What to do: Only the lines below from the one with "St. John Collection V-Neck Long Sleeve Top" through the one with "狗狗系列贴纸，坐着的狗轮廓图片素材" are to be written out, exactly and without any images.

Data section:
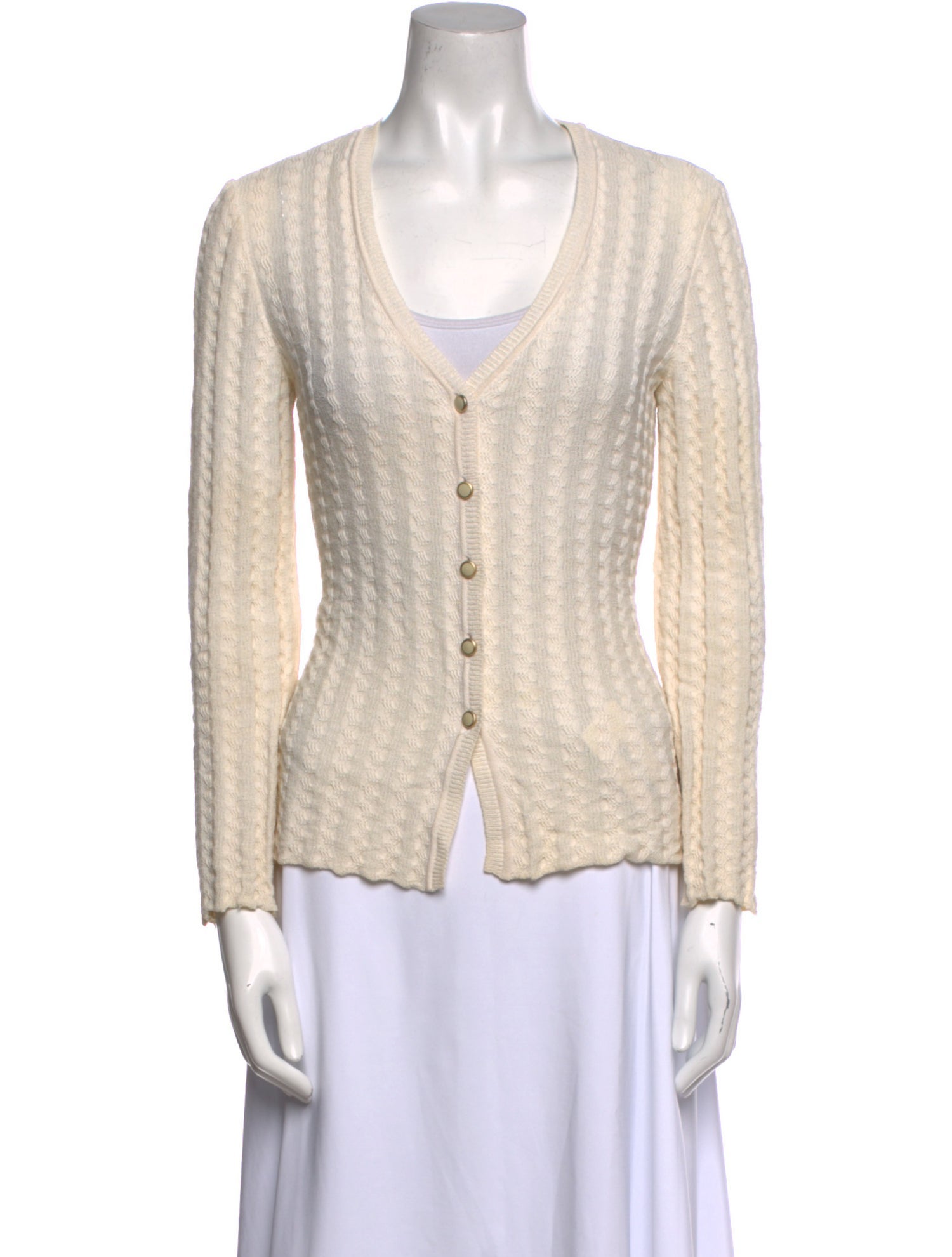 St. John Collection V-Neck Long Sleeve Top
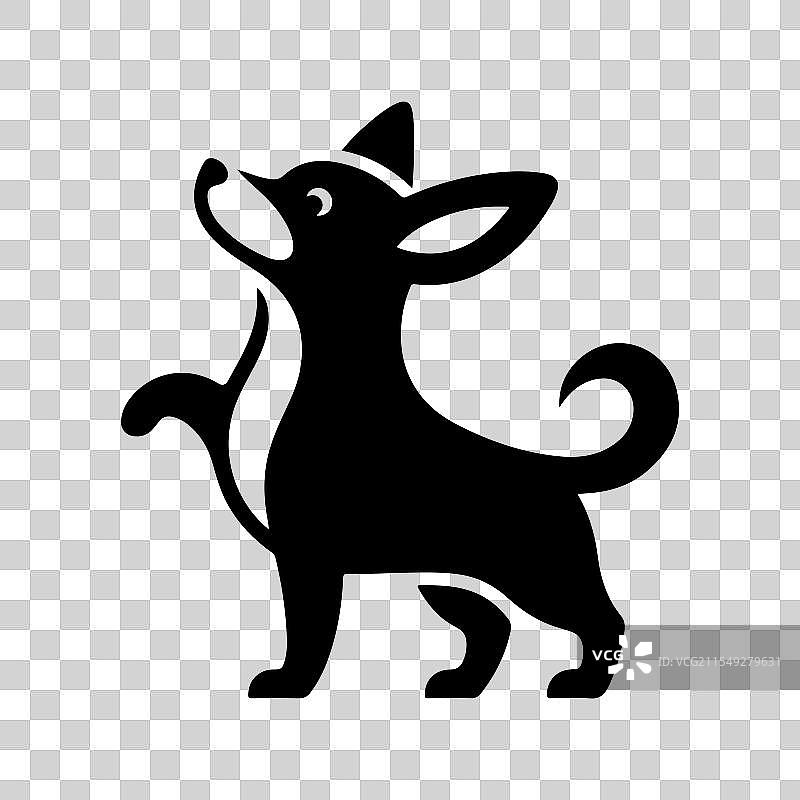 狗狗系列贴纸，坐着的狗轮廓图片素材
--
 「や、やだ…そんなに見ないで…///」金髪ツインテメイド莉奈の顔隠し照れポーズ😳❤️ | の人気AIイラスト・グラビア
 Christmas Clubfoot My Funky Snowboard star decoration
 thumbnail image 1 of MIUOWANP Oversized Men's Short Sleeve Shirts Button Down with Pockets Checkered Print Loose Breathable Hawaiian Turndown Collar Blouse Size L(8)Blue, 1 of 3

Exercise answer:
 St. John Collection V-Neck Long Sleeve Top
 狗狗系列贴纸，坐着的狗轮廓图片素材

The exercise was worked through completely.